Yet even in the face of these challenges, at least a handful of fantastic, integrated charter schools have gotten off the ground. Consider Capital City Charter School in Washington--the first public school the Obamas visited as President and First Lady--which serves equal numbers of white, black, and Hispanic children and roughly equal proportions of poor and middle class kids--and which has gotten strong results over its ten-year history. There’s the famous High Tech High (HTH), founded with an explicit mission to serve a diverse group of students in the San Diego area. And there’s the Denver School of Science and Technology (DSST)--the best school in Denver, which is just about perfectly integrated along racial and class lines. Such schools should offer inspiration to the school reform, pro-charter crowd, as well as civil rights types--indeed, to just about everyone except neo-separatists who would prefer that, say, African-American youngsters learn from African-American teachers in Afro-centric schools.
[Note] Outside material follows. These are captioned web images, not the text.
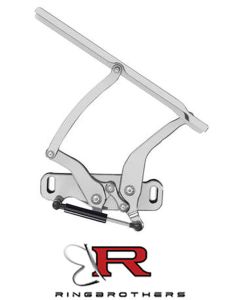 1970-1972 Chevelle Hood Hinges, Billet Aluminum, Solid Frame, Natural, With Steel Hood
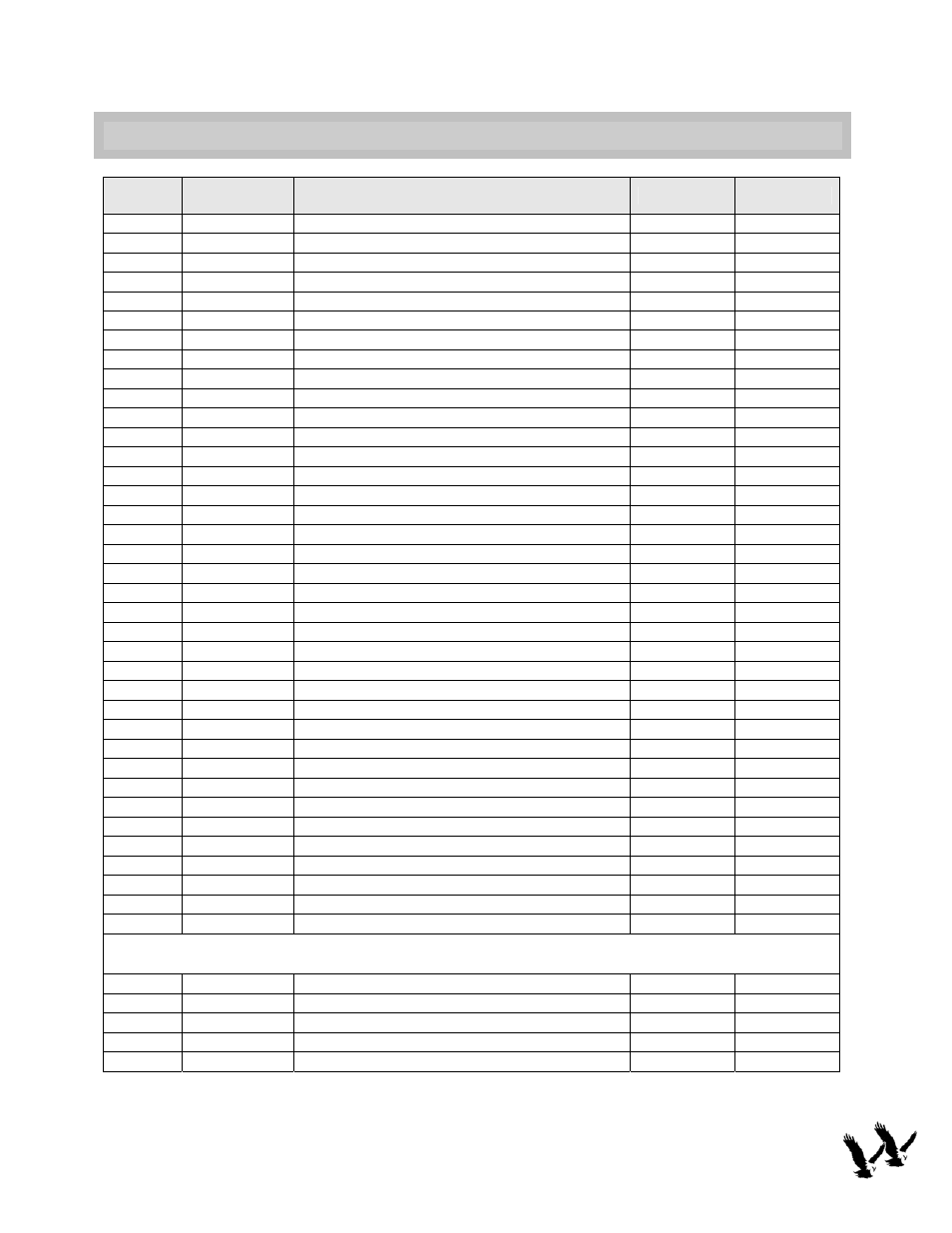 Service parts list | Twin Eagles TESB132-B User Manual | Page 9 / 12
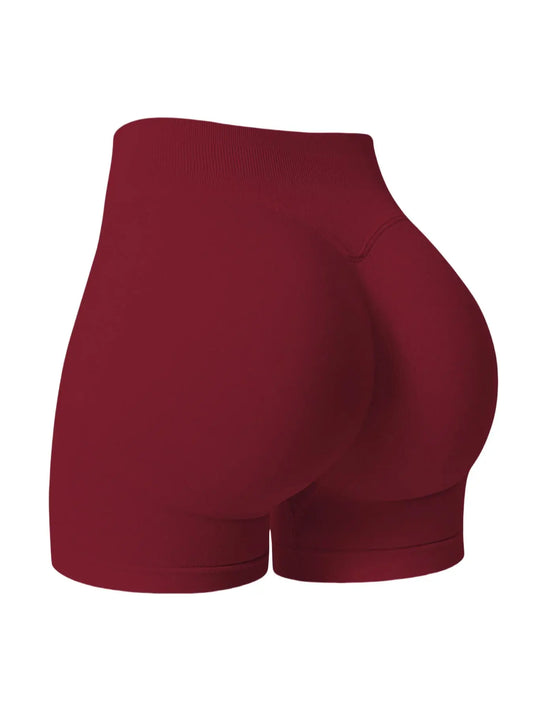 Women'S Solid Seamless Gym Shorts, Comfortable Breathable Skinny Shorts for Yoga Gym Workout, Ladies Sportswear for All Seasons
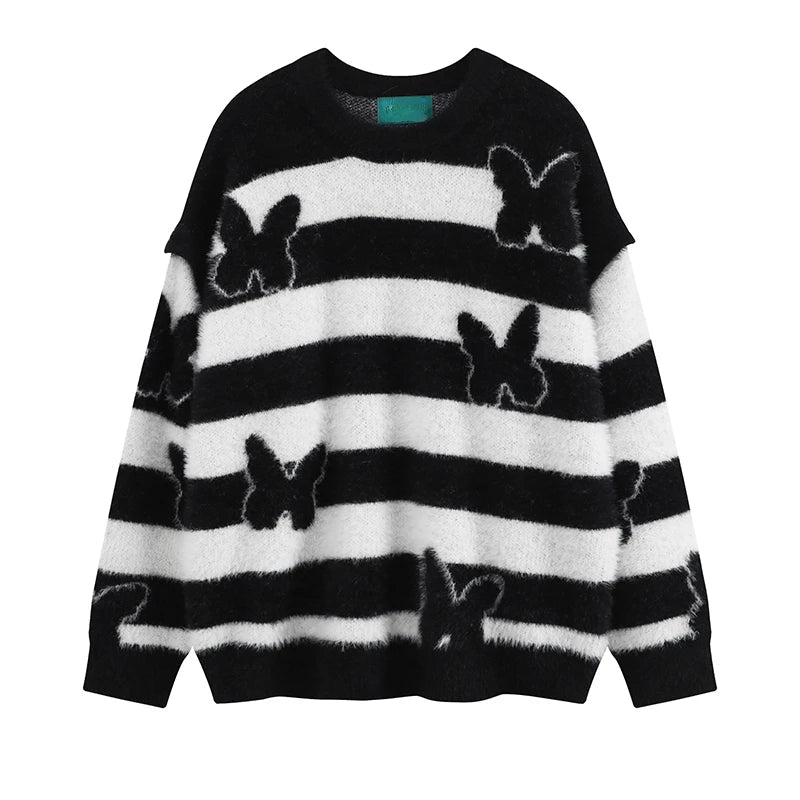 fashion striped sweaters women casual botton open sleeves butterfly knitted streetwear y2k warm furry o neck pullover knitwear - trendy hip hop fashion hoodie, high quality cotton hoodie, vintage look oversized hoodie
Of those three, I know High Tech High is a very progressive design, and from browsing its website, Capital City is also a Coalition of Essential Schools school and generally progressive. DSST looks more traditional, but it is difficult to say just from the website, especially in a high school focusing on science. It is hard to create a genuinely rigorous science program that does not include a healthy dose of inquiry.
So no, at least two of those schools are not inspirational to everyone, they shouldn't be inspirational to people who don't like progressive education. Like the Thomas B. Fordham Institute.
This is one reason the RI mayoral academies are such a curious construct. The intent seems to be to create integrated, city/suburb, "no excuses" schools. As far as I can tell, there is no precedent for that. It might work, but if it does they'll probably end up quite different from their original urban/segregated inspirations.